West Texas Intermediate crude oil steadied near $59 a barrel as the International Energy Agency warned that rising U.S. supply may counter OPEC’s success in clearing a glut.
Production cuts by the Organization of Petroleum Exporting Countries and Russia have shrunk a surplus in oil inventories by about 80 percent, a report from the Paris-based IEA showed on Tuesday. Yet the decline in stockpiles will slow as climbing shale-oil output puts America on track to surpass both Saudi Arabia and Russia, the agency predicted.
“There are good reasons for the price weakness, as U.S. shale oil production is still rising rapidly,” said Carsten Fritsch, an analyst at Commerzbank AG in Frankfurt.
WTI for March delivery was 3 cents lower at $59.26 a barrel on the New York Mercantile Exchange as of 11:17 a.m. London time. The contract rose 9 cents to settle at $59.29 on Monday, snapping six days of losses. Total volume traded was about 7 percent below the 100-day average.

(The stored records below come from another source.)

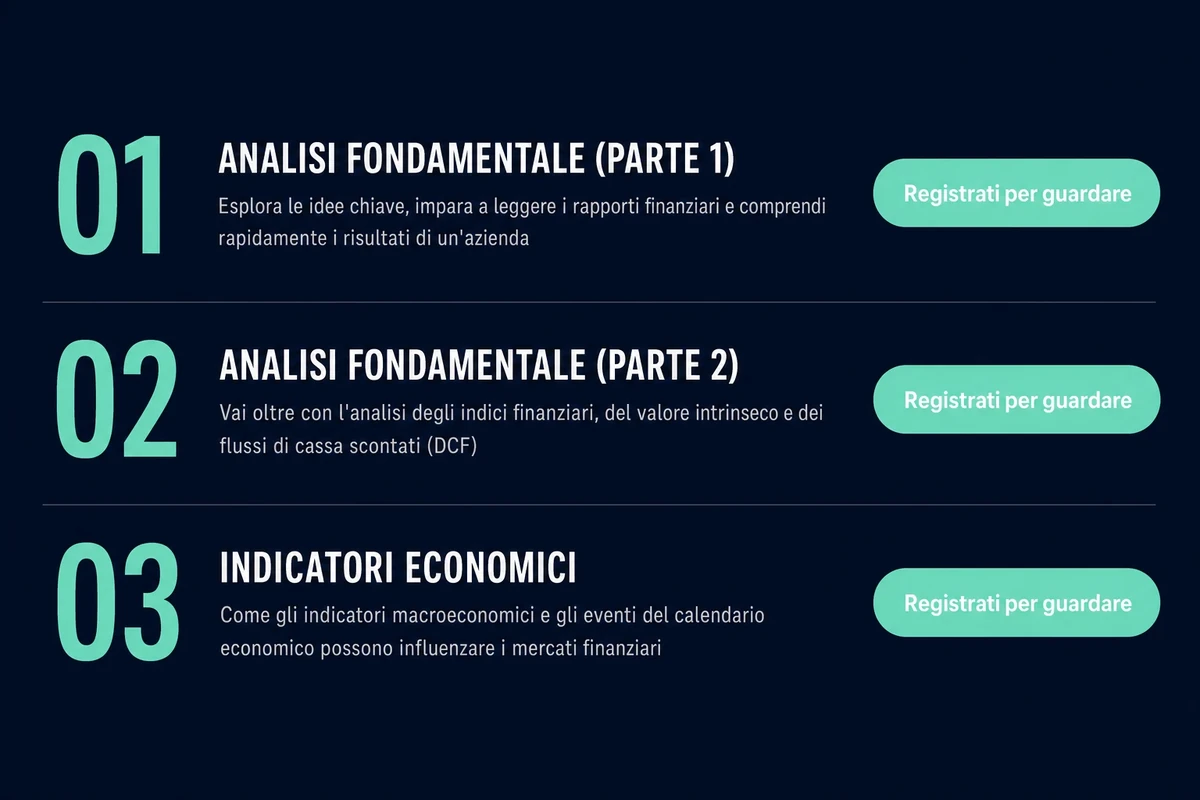 Anteprima dei primi tre moduli del corso di trading avanzato — analisi fondamentale (parte 1 e 2) e indicatori economici nell'Academy di eToro.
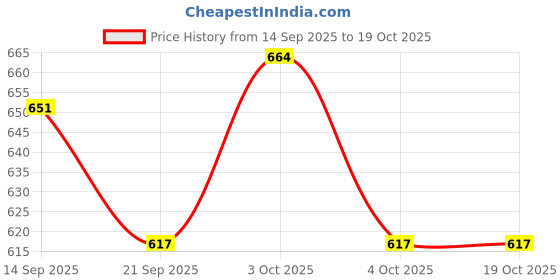 flipkart.com yug ARROWSN Arrow yug Price History Graph from 14 Sep 2025 to 17 Oct 2025
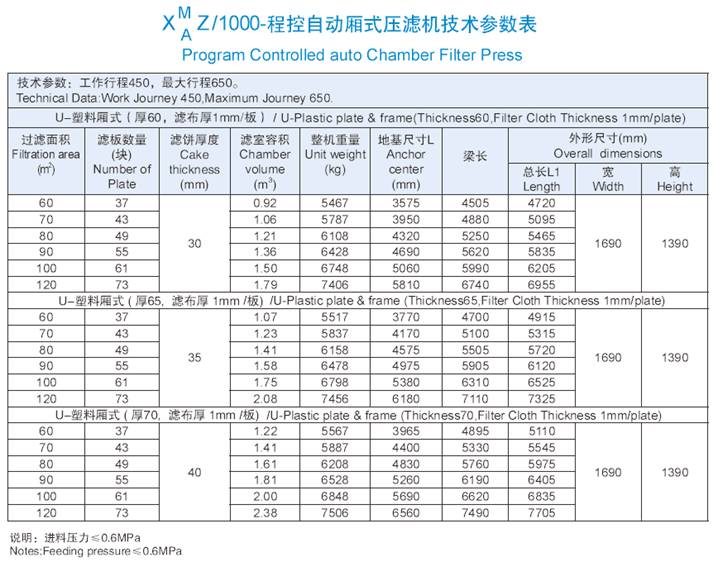 1000機型程控自動廂式壓濾機技術(shù)參數(shù)表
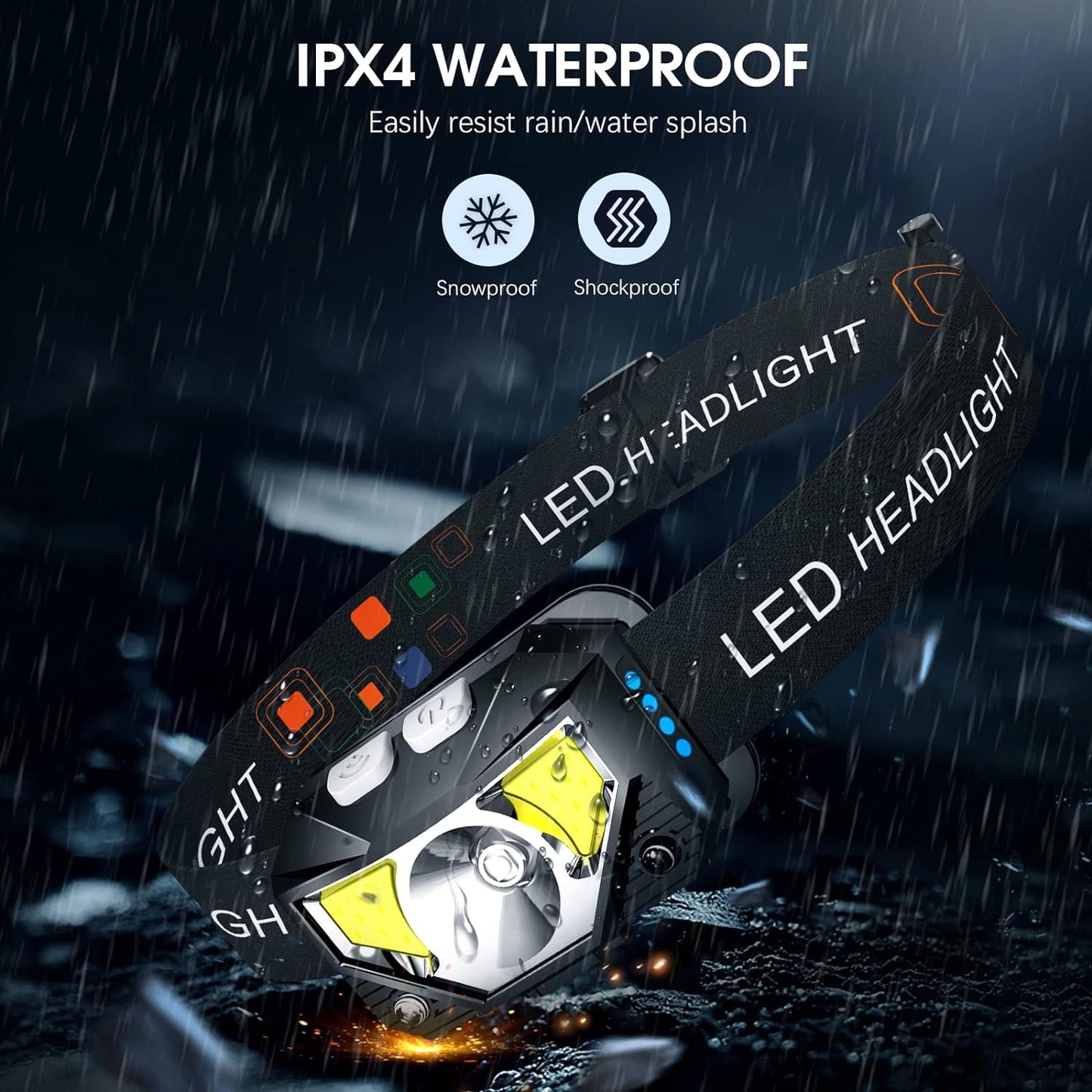 2-Pack Ultra-Bright Led Rechargeable Headlamp...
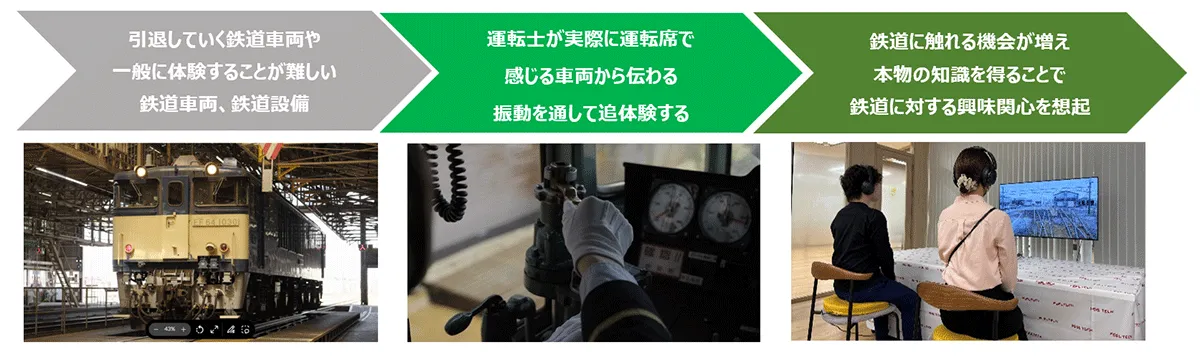 電気機関車EF64-1030の走行シーンと体験イメージ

Brent for April settlement rose 14 cents to $62.73 a barrel on the London-based ICE Futures Europe exchange. The contract declined 20 cents to $62.59 on Monday. The global benchmark traded at a $3.62 premium to April WTI.
U.S. crude inventories probably climbed by 3 million barrels last week, according to a Bloomberg survey, while the Energy Information Administration said U.S. shale oil will rise by 110,000 barrels a day in March.
Meanwhile, OPEC expects non-OPEC producers to increase their supply by 1.4 million barrels this year. The organization maintained that the market will eventually “return to balance” by the end of the year.
Still, OPEC ministers say they aren’t worried. The market should re-balance this year, given robust demand and as the group and its allies comply with pledges to curtail supply, United Arab Emirates Energy Minister Suhail Al Mazrouei said Monday in Dubai.